## [What to produce]
Below are some records; quote exactly the lines from the one that contains "Книга - Генерал-коммандант." through the one that contains "第305话 蚊子男朋友1", inclusive, and no others.

Dataset records

[Start of section]

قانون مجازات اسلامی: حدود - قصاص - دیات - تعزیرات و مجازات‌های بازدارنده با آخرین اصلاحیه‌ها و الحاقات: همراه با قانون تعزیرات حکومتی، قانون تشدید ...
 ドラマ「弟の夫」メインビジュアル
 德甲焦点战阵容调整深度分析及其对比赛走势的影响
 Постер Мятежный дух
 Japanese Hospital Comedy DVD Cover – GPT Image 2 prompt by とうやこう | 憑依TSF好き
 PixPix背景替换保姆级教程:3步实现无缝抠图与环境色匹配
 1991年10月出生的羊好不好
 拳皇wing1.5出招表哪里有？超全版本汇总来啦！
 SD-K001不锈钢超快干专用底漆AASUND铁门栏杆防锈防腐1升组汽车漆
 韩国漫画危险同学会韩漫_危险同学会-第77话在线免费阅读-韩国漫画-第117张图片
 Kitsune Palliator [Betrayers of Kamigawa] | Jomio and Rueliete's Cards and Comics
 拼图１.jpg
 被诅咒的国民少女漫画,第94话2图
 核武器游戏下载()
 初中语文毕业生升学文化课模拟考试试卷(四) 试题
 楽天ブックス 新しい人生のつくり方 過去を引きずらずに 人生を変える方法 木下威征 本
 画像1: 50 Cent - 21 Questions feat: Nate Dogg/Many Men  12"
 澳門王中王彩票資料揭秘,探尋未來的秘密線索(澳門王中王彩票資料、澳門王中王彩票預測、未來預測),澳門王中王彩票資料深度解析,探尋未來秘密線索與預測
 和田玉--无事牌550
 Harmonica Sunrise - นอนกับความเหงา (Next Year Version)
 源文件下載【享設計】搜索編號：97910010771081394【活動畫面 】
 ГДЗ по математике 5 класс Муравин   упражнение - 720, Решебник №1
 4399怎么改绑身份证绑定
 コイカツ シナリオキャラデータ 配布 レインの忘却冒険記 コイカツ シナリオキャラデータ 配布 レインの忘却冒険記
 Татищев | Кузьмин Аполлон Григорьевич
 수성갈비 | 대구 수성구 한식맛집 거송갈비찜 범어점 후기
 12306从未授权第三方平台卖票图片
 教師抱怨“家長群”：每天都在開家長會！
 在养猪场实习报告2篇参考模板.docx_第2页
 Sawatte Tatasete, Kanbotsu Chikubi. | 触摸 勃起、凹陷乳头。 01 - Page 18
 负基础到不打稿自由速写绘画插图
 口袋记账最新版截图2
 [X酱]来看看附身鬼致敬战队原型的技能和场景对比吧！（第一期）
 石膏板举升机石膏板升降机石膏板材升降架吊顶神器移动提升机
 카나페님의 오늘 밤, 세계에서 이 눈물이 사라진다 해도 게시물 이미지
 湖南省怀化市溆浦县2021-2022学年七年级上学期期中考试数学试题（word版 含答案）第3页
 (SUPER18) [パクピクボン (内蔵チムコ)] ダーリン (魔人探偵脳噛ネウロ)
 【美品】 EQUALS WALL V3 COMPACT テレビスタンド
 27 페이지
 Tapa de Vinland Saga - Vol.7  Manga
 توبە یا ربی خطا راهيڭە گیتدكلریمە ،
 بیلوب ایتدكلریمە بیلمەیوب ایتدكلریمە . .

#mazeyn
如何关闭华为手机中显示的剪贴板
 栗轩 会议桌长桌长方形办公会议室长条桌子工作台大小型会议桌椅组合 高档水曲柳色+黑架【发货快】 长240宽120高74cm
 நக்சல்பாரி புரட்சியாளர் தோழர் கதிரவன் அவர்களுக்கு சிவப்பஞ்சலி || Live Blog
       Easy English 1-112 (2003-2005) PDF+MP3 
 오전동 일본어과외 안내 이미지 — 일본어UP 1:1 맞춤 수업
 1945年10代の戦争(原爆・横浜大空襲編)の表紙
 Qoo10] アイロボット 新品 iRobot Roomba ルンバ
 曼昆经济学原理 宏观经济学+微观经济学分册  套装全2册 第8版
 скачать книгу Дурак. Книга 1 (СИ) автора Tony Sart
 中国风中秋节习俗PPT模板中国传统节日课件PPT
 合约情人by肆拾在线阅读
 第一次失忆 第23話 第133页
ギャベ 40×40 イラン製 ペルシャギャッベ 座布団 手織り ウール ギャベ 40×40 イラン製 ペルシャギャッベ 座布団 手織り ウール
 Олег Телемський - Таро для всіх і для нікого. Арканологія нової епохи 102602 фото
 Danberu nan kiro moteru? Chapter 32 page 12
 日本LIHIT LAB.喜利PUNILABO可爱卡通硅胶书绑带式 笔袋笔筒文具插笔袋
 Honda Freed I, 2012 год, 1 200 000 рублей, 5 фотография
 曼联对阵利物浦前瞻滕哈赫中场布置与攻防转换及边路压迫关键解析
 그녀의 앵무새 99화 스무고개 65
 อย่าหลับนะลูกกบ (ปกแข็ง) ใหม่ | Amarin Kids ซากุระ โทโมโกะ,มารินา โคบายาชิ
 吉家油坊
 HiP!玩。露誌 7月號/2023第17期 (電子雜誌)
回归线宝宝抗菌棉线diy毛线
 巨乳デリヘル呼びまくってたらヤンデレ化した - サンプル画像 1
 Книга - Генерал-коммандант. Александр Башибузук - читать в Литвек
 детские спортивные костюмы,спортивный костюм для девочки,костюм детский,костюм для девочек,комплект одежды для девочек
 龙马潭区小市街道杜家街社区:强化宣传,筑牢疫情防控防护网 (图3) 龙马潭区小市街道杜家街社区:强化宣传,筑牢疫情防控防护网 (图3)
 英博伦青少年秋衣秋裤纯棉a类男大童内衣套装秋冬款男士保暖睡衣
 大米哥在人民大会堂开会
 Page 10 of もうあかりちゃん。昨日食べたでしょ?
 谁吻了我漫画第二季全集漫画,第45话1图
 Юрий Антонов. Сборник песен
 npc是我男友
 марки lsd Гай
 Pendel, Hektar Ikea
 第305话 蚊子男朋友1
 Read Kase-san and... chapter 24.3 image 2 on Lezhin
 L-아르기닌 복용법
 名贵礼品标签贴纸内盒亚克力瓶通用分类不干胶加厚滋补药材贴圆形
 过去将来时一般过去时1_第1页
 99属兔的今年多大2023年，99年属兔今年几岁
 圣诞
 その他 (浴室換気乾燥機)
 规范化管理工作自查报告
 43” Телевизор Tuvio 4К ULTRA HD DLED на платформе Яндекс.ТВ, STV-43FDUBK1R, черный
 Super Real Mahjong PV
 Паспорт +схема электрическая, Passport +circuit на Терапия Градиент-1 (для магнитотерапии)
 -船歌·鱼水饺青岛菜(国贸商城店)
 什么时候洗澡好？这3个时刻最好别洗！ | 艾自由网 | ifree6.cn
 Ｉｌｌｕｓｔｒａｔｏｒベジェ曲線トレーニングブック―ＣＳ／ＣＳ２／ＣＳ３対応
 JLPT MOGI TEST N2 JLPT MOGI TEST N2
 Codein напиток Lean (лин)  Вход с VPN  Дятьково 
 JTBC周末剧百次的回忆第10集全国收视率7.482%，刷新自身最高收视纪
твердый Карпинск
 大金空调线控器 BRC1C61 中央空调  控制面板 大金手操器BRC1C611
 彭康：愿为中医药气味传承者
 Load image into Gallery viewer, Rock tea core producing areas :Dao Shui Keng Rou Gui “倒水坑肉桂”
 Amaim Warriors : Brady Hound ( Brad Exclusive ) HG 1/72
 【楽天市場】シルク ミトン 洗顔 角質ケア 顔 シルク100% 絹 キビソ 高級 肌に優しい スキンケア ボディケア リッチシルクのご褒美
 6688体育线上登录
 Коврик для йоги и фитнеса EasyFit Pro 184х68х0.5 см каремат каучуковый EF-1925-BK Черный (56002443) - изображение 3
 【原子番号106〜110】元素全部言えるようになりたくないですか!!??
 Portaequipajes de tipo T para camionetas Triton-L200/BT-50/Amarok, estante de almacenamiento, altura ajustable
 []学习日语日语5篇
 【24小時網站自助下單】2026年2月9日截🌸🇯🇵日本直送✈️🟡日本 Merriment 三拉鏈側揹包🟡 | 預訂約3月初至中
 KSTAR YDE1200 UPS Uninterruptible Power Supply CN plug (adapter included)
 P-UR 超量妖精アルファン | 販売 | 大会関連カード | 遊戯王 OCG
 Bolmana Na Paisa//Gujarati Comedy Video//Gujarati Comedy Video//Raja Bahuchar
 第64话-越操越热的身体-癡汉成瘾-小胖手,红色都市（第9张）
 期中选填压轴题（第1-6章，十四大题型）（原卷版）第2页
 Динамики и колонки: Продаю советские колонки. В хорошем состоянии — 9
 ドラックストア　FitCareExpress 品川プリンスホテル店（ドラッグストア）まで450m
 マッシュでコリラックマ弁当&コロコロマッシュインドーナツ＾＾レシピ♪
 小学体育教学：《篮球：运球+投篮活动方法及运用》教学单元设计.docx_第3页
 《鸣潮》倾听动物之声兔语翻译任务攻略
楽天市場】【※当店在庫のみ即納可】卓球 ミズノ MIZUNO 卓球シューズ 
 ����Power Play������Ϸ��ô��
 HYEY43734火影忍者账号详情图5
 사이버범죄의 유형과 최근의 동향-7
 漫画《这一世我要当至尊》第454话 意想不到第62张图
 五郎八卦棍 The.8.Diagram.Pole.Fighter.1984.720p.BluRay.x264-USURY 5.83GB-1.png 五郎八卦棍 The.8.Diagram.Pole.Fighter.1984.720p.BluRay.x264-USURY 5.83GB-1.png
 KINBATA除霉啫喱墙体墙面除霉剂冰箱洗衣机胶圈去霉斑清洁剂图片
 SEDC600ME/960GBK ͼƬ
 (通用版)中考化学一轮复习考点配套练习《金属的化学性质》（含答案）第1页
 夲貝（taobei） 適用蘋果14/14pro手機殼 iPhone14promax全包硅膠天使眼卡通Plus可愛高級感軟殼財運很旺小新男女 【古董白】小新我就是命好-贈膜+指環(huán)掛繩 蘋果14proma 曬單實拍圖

[End of section]

## [Response to this task]
 Книга - Генерал-коммандант. Александр Башибузук - читать в Литвек
 детские спортивные костюмы,спортивный костюм для девочки,костюм детский,костюм для девочек,комплект одежды для девочек
 龙马潭区小市街道杜家街社区:强化宣传,筑牢疫情防控防护网 (图3) 龙马潭区小市街道杜家街社区:强化宣传,筑牢疫情防控防护网 (图3)
 英博伦青少年秋衣秋裤纯棉a类男大童内衣套装秋冬款男士保暖睡衣
 大米哥在人民大会堂开会
 Page 10 of もうあかりちゃん。昨日食べたでしょ?
 谁吻了我漫画第二季全集漫画,第45话1图
 Юрий Антонов. Сборник песен
 npc是我男友
 марки lsd Гай
 Pendel, Hektar Ikea
 第305话 蚊子男朋友1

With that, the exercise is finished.